In the absence of any clues of the secret recorders, could it be that one of the reputable international intelligence agencies such as the M15 of United Kingdom, the FBI or CIA of the United States or the KGB of Russia did the recording? Or is it our own Bureau of National Investigations (BNI)?
Testifying before the Committee investigating the disappearance of 77 parcels of cocaine from a shipping vessel, MV Benjamin in Tema, Col. Akuako said the tape was dropped in the offices of NACOB from an intelligence source.
He said the tape came to NACOB through the operations people and he cannot put a finger on the person, who drew his attention to the recording when it came to NACOB.
"As to who dropped it, I have no idea and I cannot not put a finger as to who drew my attention to the tape in the office," he said. Col Akuoko said NACOB is an intelligence unit which depends on intelligence to perform its function. "These intelligence information come in from so many sources include drops and letters in all forms."
He said in this particular case the intelligence source was in the form of a drop and so he did not know who was behind the recording and how the recording was done.
It would be recalled that when he took his turn before the Committee, Mr. Ndego disclosed that he collected the tape from NACOB's intelligence officers upon the directive of his boss, Col. Akuoko, which he in turn handed over to the Executive Director of the Food and Drugs Board (FDB), Mr. Emmanuel Agyarko.
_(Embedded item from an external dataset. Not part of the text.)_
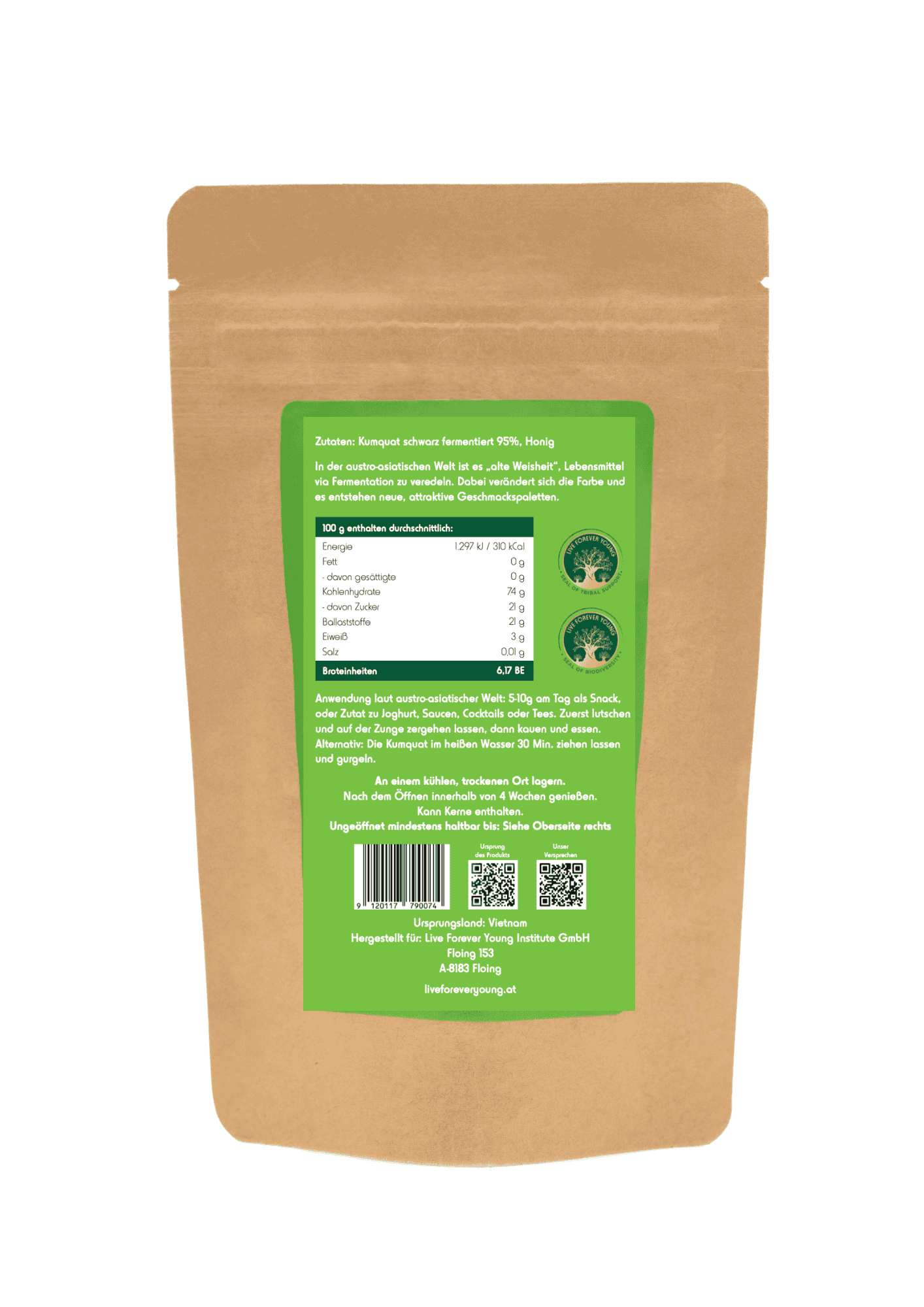 Live Forever Young Kumquat schwarz fermentiert 100g – Bild 2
Agyarko did not only fail to name the particular officer who handed him the tape he also could not tell how it came into the custody of NACOB.
The tape that has been described as the " mother of all recordings" was recorded during the meeting held between the Director-General of Operations of the Ghana Police Service, ACP Kofi Boakye, and four others at the former's residence to discuss the loss of 77 parcels of narcotic drugs from a vessel, MV Benjamin in Tema, in April this year.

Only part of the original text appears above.